Once we started thinking of questions, it was hard to stop. To ask any of these questions, though, we need to know what DNA metabarcoding even meant and whether it could give us the information that we were hoping for. We started looking more into DNA metabarcoding to try to figure out what it actually was, considering none of us have much experience with genetics. We came to understand that, for our intents and purposes, DNA metabarcoding can be best thought of as the simultaneous identification of multiple species from a single sample (fecal samples, in our case). It offers an efficient and effective way to determine diet content without intensive observation or fatal sampling. As it turns out, DNA metabarcoding has actually be around for over a decade, mostly being used in the microbiology world. By the mid-2000s, microbial ecologists had started bringing the technique into ecological circles. Since then, it has been used to enhance biodiversity surveys through environmental DNA, or eDNA, as well as assess the diets of animals. What is just starting to be done with this technique is using it to compare diets between coexisting species.

In order to assess the diets, we needed to create a DNA reference library, with DNA from the plants at Portal. This way, we can compare the sequences that are extracted from the rodents’ fecal samples to the plants found at the site. This is where the plant vouchering came into play! We can also pull in data from huge international genetic databases, such as GenBank, to potentially find any plants we’ve missed.
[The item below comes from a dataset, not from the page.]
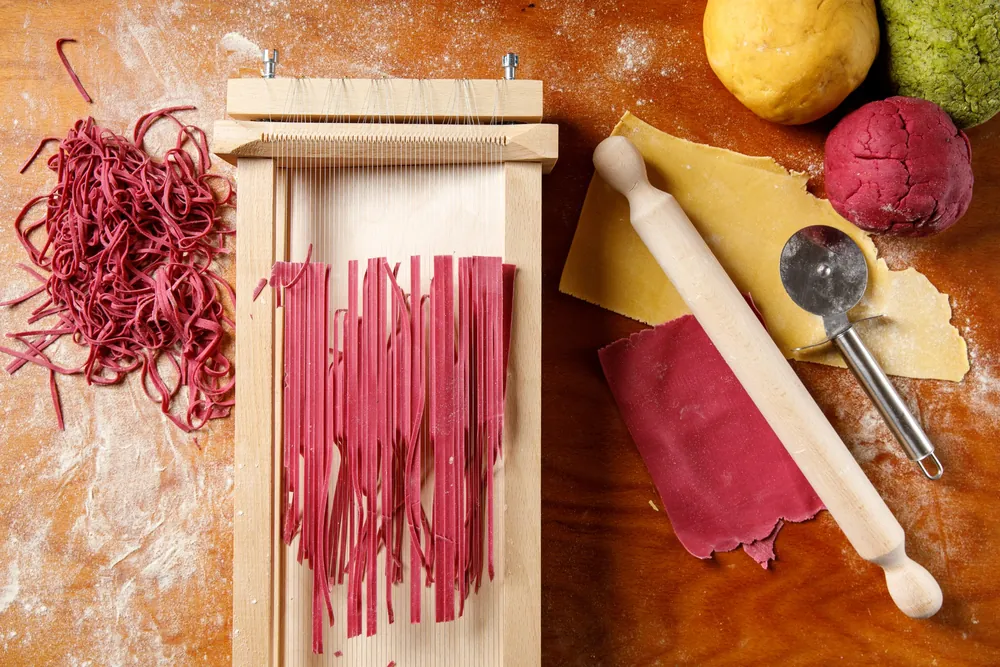 Tagliatelle proaspete tăiate pe chitarra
So far, we’ve done four rounds of fecal collections–usually during plant censuses when we have lots of helping hands! Once the fecal samples have gone through the black box of next generation, or high-throughput, DNA sequencing, what we get back is rows upon rows of data about which plants have been eaten by which rodents. While we’re still working through the results, the preliminary data looks promising! We’re able to identify quite a few of the plants that they are eating, and we might even be picking up some shifts in diet between treatment types. Once we have a better picture of what is happening, I’ll chime back in with an update.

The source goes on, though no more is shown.